Unico precedente strepitoso di Kill Bill potrebbe essere "Le Lacrime della Tigre Nera" del geniale Wisit Sasanatieng: un film tuttavia destinato al confino nel limbo del cinema scartato dai grossi distributori e come tale praticamente inesistente (a questo proposito mi riferisco in particolare alle consideraizoni che ho precedentemente svolto sul fondamentalismo del mercato).
In altre parole, non è certo la prima volta che un regista realizza un film caratterizzato da una commistione di generi, ma è la prima volta che lo fa in questi termini così consapevolmente eclatanti, divertenti e alla portata delle grandi masse.

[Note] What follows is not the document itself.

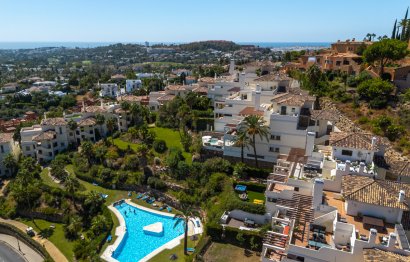 Resale - Apartment - Middle Floor Apartment - Marbella - Nueva Andalucia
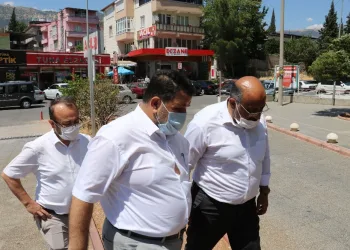 FETÖ sanığı tanığı darp etti̇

Per fare un parallelo con artisti che a mio parere hanno molto in comune con Tarantino, si potrebbe dire che vedere Kill Bill è molto simile ad ascoltare la musica di Frank Zappa, o ancora meglio di John Zorn.

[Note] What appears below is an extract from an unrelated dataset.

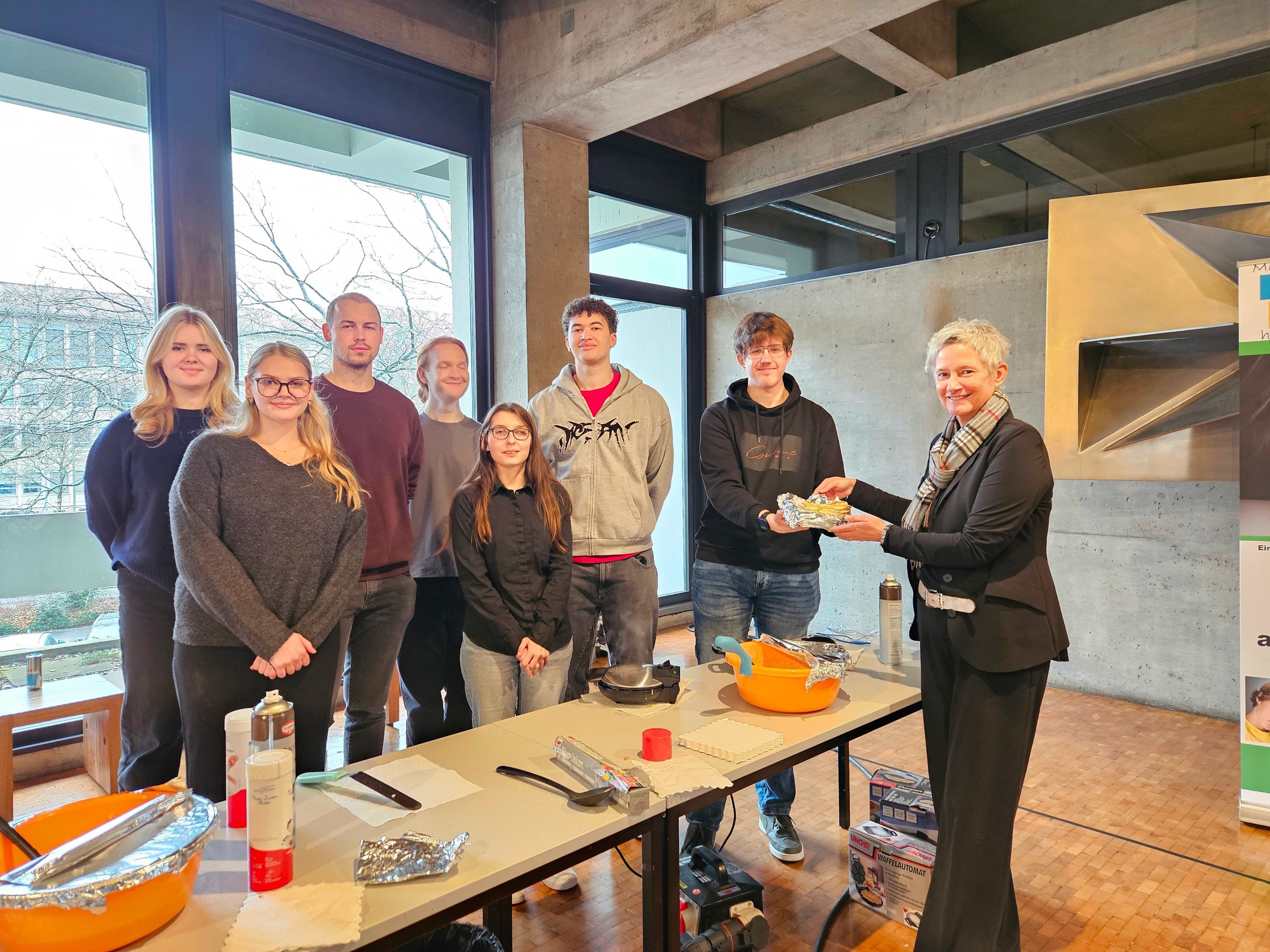 Auszubildende backen Waffeln für den guten Zweck | Symbolbild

Si tratta di artisti che, come Tarantino, hanno raggiunto la consapevolezza che la forma più attuale e sostanziale di "fusion" (intesa come cifra stilistica) è possibile nel cinema, come nella musica del resto, nei modi in cui essi ce la propongono.
Come loro, noi tutti siamo esposti a una quantità enorme di stimoli provenienti dal mondo del cinema, della musica, dei mass media: una valanga di proposte che purtroppo è guidata dalla logica del marketing che rischia di schiacciarci tutti quanti, in un appiattimento generale del gusto e delle opinioni, a meno che non ci si riesca a ritagliare una nicchia di libertà espressiva come fanno Tarantino o Zorn. Una libertà che diventa simmetricamente fruitiva per lo spettatore/ascoltatore.
Travalicando i generi, scomponendoli e ricomponendoli a loro piacimento questi alchimisti riescono ad uscire da quelle vischiose paludi che altrimenti li vincolerebbero a stili e a generi ormai abusati, ottenendo così una sorta di stile non-stile che diventa forma di espressione libera e paradossalmente pura.
A noi spettatori/ascoltatori non resta far altro che imparare la lezione e vivere così quell'esperienza emozionante che desideriamo quando andiamo al cinema o sentiamo un CD.